Without including any images, repeat the data exactly.

[Short descriptive text snippets]
· · · ·

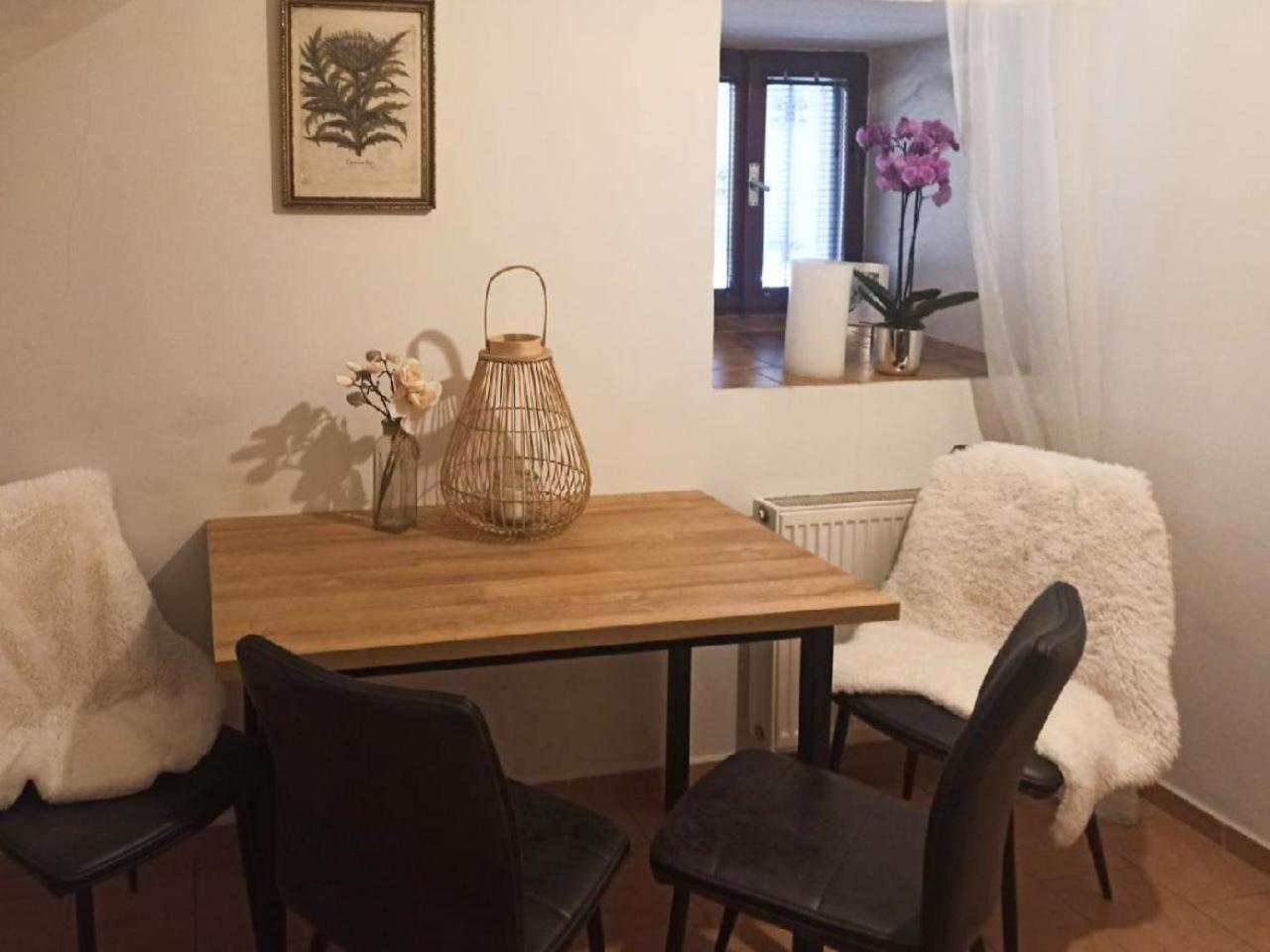 Apartmany Ziakova - Ubytovani Nove Hrady 111 Eksteriør billede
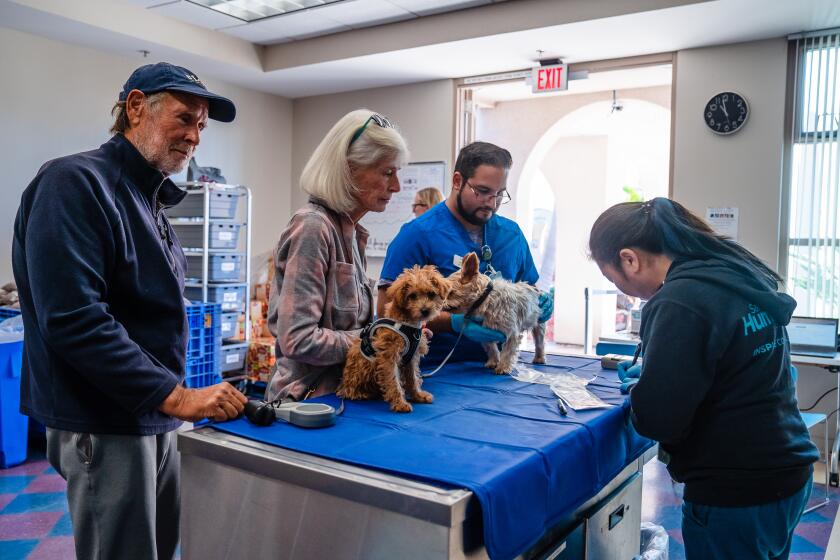 Ellen Pirie and her husband Terry Hancock take their dogs Benny and June to get microchipped which is part of the low cost services at San Diego Humane Society in Linda Vista on Feb. 23, 2024. (Ariana Drehsler / For The San Diego Union-Tribune)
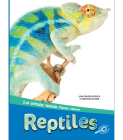Reptiles: Reptiles By Lisa Cocca Cover Image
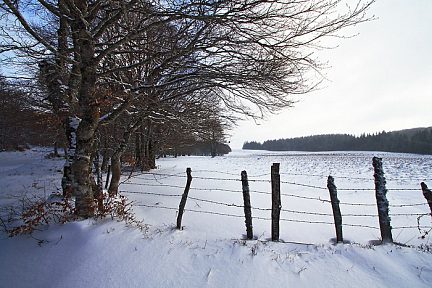 Randonnée enneigée sur le sentier botanique de Laguiole, Aubrac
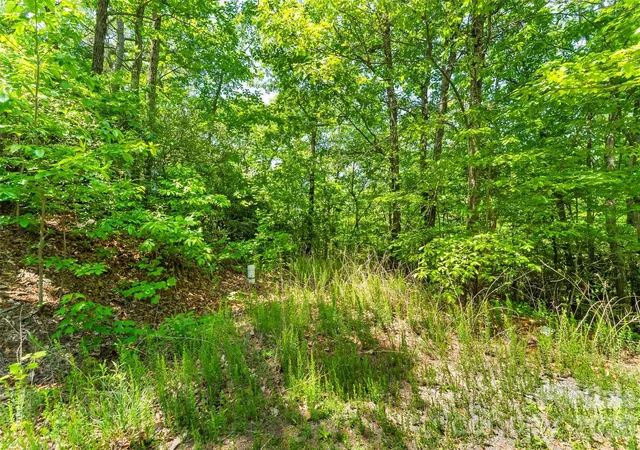 Photo 3 of Land for sale at 1620 North Hvn Dr #CC18, Black Mountain, NC 28711 | MLS# 4381028 | Listing updated on 2026-07-02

· · · ·

(Exercise solution)
 Apartmany Ziakova - Ubytovani Nove Hrady 111 Eksteriør billede
 Ellen Pirie and her husband Terry Hancock take their dogs Benny and June to get microchipped which is part of the low cost services at San Diego Humane Society in Linda Vista on Feb. 23, 2024. (Ariana Drehsler / For The San Diego Union-Tribune)
Reptiles: Reptiles By Lisa Cocca Cover Image
 Randonnée enneigée sur le sentier botanique de Laguiole, Aubrac
 Photo 3 of Land for sale at 1620 North Hvn Dr #CC18, Black Mountain, NC 28711 | MLS# 4381028 | Listing updated on 2026-07-02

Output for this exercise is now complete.